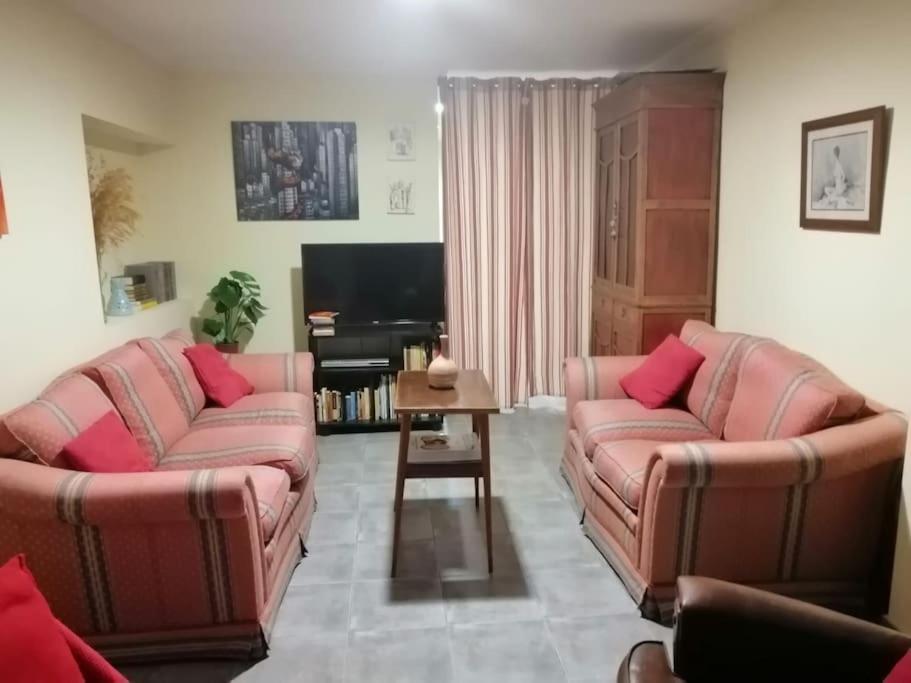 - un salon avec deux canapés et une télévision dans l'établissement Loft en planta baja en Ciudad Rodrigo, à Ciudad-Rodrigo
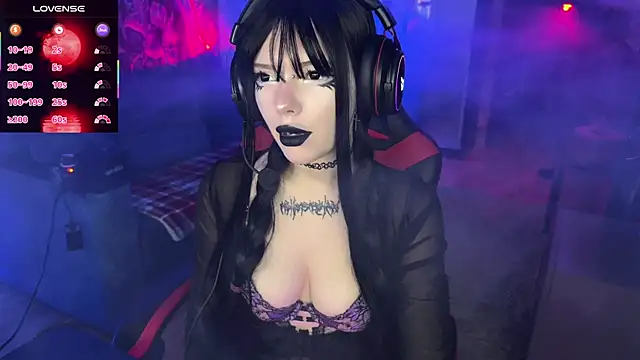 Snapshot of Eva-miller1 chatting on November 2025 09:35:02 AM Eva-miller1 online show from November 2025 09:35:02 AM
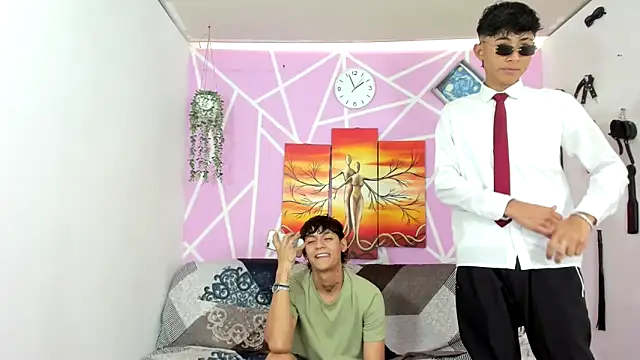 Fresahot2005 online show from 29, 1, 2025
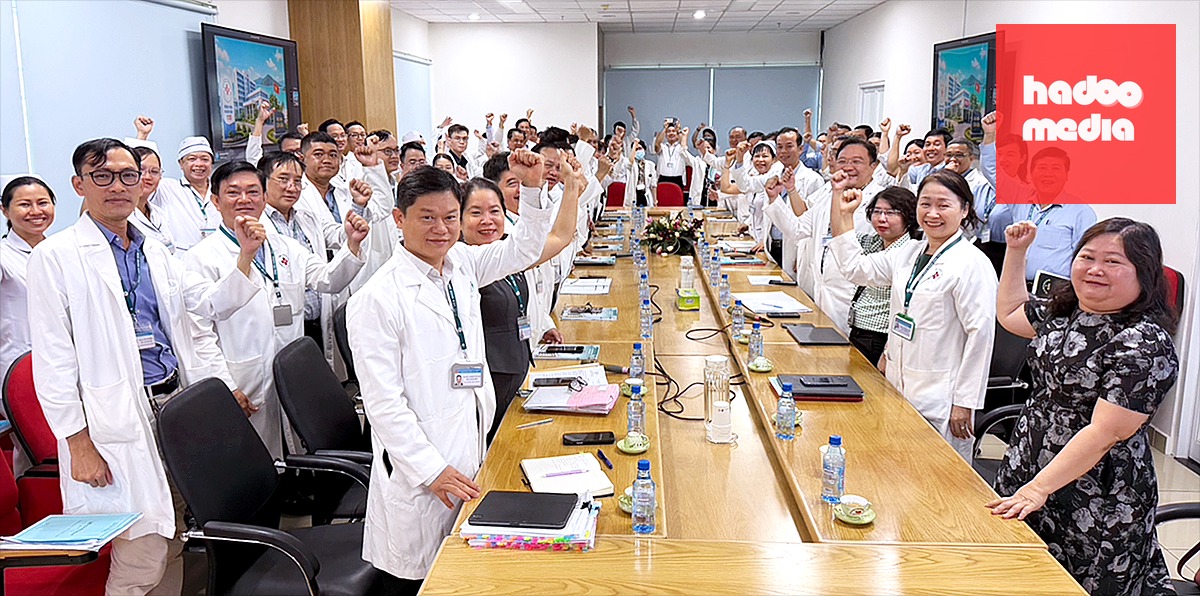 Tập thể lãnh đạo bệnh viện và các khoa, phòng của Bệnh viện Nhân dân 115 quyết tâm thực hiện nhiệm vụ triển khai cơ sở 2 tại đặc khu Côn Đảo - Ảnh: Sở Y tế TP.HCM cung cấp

----------

**EXERCISE BRIEF**
Exclude the pictures and give back the rest of the data above exactly as written.

**COMPLETED TASK**
 - un salon avec deux canapés et une télévision dans l'établissement Loft en planta baja en Ciudad Rodrigo, à Ciudad-Rodrigo
 Snapshot of Eva-miller1 chatting on November 2025 09:35:02 AM Eva-miller1 online show from November 2025 09:35:02 AM
 Fresahot2005 online show from 29, 1, 2025
 Tập thể lãnh đạo bệnh viện và các khoa, phòng của Bệnh viện Nhân dân 115 quyết tâm thực hiện nhiệm vụ triển khai cơ sở 2 tại đặc khu Côn Đảo - Ảnh: Sở Y tế TP.HCM cung cấp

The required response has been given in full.